That was only the first verse. It did not get any less opaque as it moved along.
“And so it was that later
As the miller told his tale
That her face, at first just ghostly,
Turned a whiter shade of pale
She said, ‘There is no reason
And the truth is plain to see.’
But I wandered through my playing cards
And would not let her be
One of sixteen vestal virgins
Who were leaving for the coast
And although my eyes were open
They might have just as well’ve been closed
And so it was that later
As the miller told his tale
That her face, at first just ghostly,
Turned a whiter shade of pale”
To this day – 50 years to the month following its release – folks are still debating
what it was all about. Keith Reid, who wrote the lyrics (and continued to write
all of the group’s lyrics throughout its history, until recently), told Uncut
magazine, “I had the phrase ‘a whiter shade of pale.’ That was the start, and I
knew it was a song. It’s like a jigsaw where you’ve got one piece, then you make
up all the others to fit in. I was trying to conjure a mood as much as tell a
straightforward, girl-leaves-boy story. With the ceiling flying away and room
humming harder, I wanted to paint an image of a scene…I wasn’t trying to be
mysterious with those images, I was trying to be evocative,” Reid continued. “I
suppose it seems like a decadent scene I’m describing. But I was too young to
have experienced any decadence then. I might have been smoking [marijuana] when
I conceived it, but not when I wrote. It was influenced by books, not drugs.”

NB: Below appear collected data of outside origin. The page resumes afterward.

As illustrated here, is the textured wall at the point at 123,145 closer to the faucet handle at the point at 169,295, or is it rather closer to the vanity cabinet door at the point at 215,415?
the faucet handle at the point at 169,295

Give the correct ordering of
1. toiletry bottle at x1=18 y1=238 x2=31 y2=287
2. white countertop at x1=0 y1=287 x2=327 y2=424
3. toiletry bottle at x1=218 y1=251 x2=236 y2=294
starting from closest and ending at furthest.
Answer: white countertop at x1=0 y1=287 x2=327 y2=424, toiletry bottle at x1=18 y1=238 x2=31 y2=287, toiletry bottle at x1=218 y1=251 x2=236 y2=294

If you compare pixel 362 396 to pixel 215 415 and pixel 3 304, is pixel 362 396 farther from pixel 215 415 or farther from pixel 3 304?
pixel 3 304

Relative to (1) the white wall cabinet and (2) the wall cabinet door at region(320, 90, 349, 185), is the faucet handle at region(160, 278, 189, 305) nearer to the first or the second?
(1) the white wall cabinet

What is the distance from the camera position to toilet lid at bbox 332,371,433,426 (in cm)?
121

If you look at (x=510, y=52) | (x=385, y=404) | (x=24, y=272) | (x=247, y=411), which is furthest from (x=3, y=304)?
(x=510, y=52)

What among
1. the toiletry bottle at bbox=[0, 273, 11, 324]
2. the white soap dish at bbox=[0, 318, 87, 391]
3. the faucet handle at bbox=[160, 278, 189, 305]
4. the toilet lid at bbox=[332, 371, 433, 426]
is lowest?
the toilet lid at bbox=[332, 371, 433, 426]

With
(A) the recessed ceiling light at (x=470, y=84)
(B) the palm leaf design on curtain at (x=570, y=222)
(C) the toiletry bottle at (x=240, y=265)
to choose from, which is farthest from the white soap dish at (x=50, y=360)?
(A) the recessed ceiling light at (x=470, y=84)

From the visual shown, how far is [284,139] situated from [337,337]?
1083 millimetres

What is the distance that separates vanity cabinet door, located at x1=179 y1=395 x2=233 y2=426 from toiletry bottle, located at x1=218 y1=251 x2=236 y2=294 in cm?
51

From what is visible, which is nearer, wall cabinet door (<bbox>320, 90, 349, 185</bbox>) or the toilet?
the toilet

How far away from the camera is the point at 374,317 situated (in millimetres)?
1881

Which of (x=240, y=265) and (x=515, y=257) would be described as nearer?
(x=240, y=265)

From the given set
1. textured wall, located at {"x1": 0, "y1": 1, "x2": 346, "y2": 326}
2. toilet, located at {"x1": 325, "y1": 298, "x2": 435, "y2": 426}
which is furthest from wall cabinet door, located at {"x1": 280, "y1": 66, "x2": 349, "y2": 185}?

So much for the words. You are, of course, welcome to your own interpretation.
As for that evocative melody, those with a classical music background knew where
it really came from: Johann Sebastian Bach’s Ich steh mit einem Fuß im Grabe,
BWV 156. Procol Harum was among the first rock groups to openly turn to
classical music for inspiration, and that device sure paid off well on this
first-time effort.
So, what is a “Procol Harum,” anyway? The origin of the band name, like their
hit, is shrouded in mystery. Says Wikipedia: “In the absence of a definitive
origin, the name attracted various interpretations, being said to be Latin for
‘beyond these things’ (but the correct Latin translation of ‘beyond these
things’ is ‘Procul his’ or translated as ‘of these far off things,’ the genitive
plural ‘harum’ perhaps agreeing with an understood ‘rerum,’ ‘things.’”
Whatever – Procol Harum it was. And even if it remains one of the most misspelled
band names in history (it is not Procul Harem!), it’s a name that is still
fondly remembered today by many.
Some parts of the story are, thankfully, more definitive. The great voice you
hear on A Whiter Shade of Pale is that of Gary Brooker – born 29 May 1945 in
East London. He had been in an R&B band called The Paramounts since the early
’60s, along with the guitarist Robin Trower, multi-instrumentalist Chris Copping
and drummer BJ Wilson. When that band split in 1966, Brooker and Reid began
writing songs together; among their first efforts was A Whiter Shade of
Pale, which was recorded at Olympic Studios with Brooker on piano and vocals,
Matthew Fisher playing the signature organ line (decades later he would sue for
royalties on the song, winning the case and nabbing a co-authorship credit),
David Knights on bass, Ray Royer on guitar and a session drummer, Bill Eyden.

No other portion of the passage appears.